In 1981, Butler was arrested for allegedly threatening a man with a pistol and kicking him. He resigned from Cunningham’s staff and pleaded no contest to charges of carrying a loaded weapon and driving under the influence of alcohol. He was sentenced to probation and fined.
Two years later, Butler was hired as a paralegal at Bet Tzedek, a legal services program for the poor. He attended West Los Angeles College and then law school. He was admitted to the State Bar in 1989 and became a staff attorney at Bet Tzedek.
So far, Pratt’s lawyers have lost every appeal of his conviction. In 1980, the state’s 2nd District Court of Appeal ruled, in part, that Pratt failed to prove his contention that he was framed by FBI agents and Los Angeles police.
Periodic demonstrations demanding Pratt’s freedom continue. Butler’s name is prominently raised as a symbol of the alleged betrayal of Pratt, but he remains secure near the top of one of Los Angeles’ symbols of social justice--First A.M.E.
Earlier this month, some of the January demonstrators met with church officials, but both sides agreed not to publicly discuss the meeting.

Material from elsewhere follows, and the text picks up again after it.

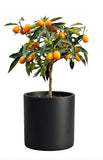 Citrus Calamondin Tree - Flowers Box London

However, a source close to the negotiations, who requested anonymity, said the church had offered to ask Butler to write a letter to the state parole board, urging that Pratt be released. Some of Pratt’s supporters say they would be satisfied with nothing less than a letter from Butler that recants his testimony and exonerates Pratt.
Pratt’s supporters say the church has repeatedly described their efforts to hold Butler accountable as an attack on First A.M.E.
“The church keeps putting (Butler) up front and trying to make the community accept him as some kind of new black leader or something,” said former Panther Roland Freeman, one of the January protest’s organizers. “That is not going to work. The issue is that Geronimo has been in jail for 23 years, and one of the persons who was instrumental in it is Julio Butler.”
Pratt’s only opportunity for freedom appears to rest with McCloskey’s report and Garcetti’s review of the case. The district attorney’s office says it has set no deadline for completion of he review. “The only decision now is to determine if there is anything in the material (McCloskey) has given us that would be worthy of an investigation,” said Assistant Dist. Atty. Dan Murphy.
Said former Pratt attorney Cochran: “I hope Garcetti will do the right thing--at least a hearing or a new trial.